A lot of artists. For example, Doug Aitken, whom we’ve recently exhibited. He shot a film about Montserrat, a Caribbean island devastated by a volcanic eruption. He wandered with his camera for seven miles over the island until he reached the volcano. A viewer can experience this wandering through the jungle, the ruins of villages and over fields of lava in three separate spaces via seven projections. Another example is Hans Op de Beek. You sit on a little bench in front of a ruined house and look to a window, behind which drawings are projected that relate memories and experiences in and around the house. Or Steve McQueen; many were able to see his work at the last Documenta.
They “traveled” with the film in an elevator 3,000 meters down into a South African mine. Ear-shattering noise, the cage rattling; it was a physical experience. At first you think a machine is vibrating the seats, but it was only the waves of sound from the speakers that created this impression. These are works that mean something new in art to me.
But all of them are variations of performance art, with the action simply playing out within the viewer: “Art is doing something with me.”
Exactly. It’s also a new form of performance which makes it a step forward.
So the viewer, now that the world is discovered, is given a new experience by the means of art.
Exactly.
But that’s closer to an approach that one can date back to the ’70s.
Yes, painting, sculpture, performance, and Arte Povera – we’ve seen all this. But the question is, “What is the next step?” That’s what makes painting so problematic for me. The difficulty is that the artist transforms something into something else that has never existed before.
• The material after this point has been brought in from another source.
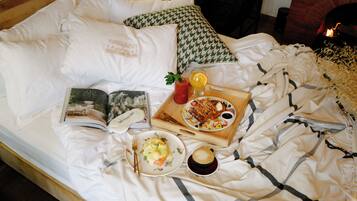 A neatly made bed with a book, a tray with breakfast items, and a cup of coffee.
If performances were to be made again as they were in the ’70s, the artist might have contemporary concerns, but for me, it’s merely déjà vu.
But aren’t artists like John Bock or Jonathan Meese doing precisely this?
But those are steps forward! In the ’60s, the performance artists’ concerns were very political. Now, it’s practically Dada, all irony and persiflage. In the ’70s, the methods were far more serious and fundamental and not articulated so much via multimedia.
They were also able to provoke much more.
But today nothing is provocative anymore. Sometimes I think it’s a shame that no one gets upset anymore.
Gerhard Merz would find our entire discussion here regressive. He sees the erection of a giant, monolithic black or white sculpture as the only way to the non-sentimental, the true contemporary.
I don’t know if that’s progressive.
Or contemporary?
Yes, maybe contemporary, but so are a lot of things and they needn’t all be new. There is a lot that’s old-fashioned in contemporary work at the moment. In what comes to our contemporaries’ minds. But not much of it is innovative.
How decisive is the role of the market in the valuation of contemporary art?
In the short term, it plays a very large role, but in the long term, less so, I think. There are momentary trends that later, once the hype is over, wane. Only the top artists remain. I do think, though, that there are now two directions. With one, art works are valued on pure speculation even though they’re not being exhibited in museums, and then there are the works that are valued by museums. There used to be only the second version. A collector could watch an artist over a long period of time and, when he’s exhibited in this or that museum and carries on making good art, one would decide to buy. You can’t do that anymore. You can really only evaluate the quality of an artist when you’ve seen one of his large exhibitions. You can’t base such decisions on four or five works.
The main thing that’s changed is the influence of the market – does the increasing aggressiveness among buyers at art fairs in Basel and Miami reflect the conditions of the New Economy?
Just about everything has changed. Hysterical conditions. Catastrophic. No one would believe what I saw and heard at the last art fair in Basel; serious collectors in fistfights over art works. They rip objects out of each other’s hands. Or there was the morning I had to find out that a gallerist couldn’t hold onto what I’d reserved because he’d been violently assaulted.
Violently assaulted?
People pull and yank the gallerists around. After what I saw there, I can only confirm that the conditions of the New Economy are being revived in their worst possible form.
But this isn’t about the bargains?
No, they’re fighting over the really expensive items! They don’t worry about the bargains until later.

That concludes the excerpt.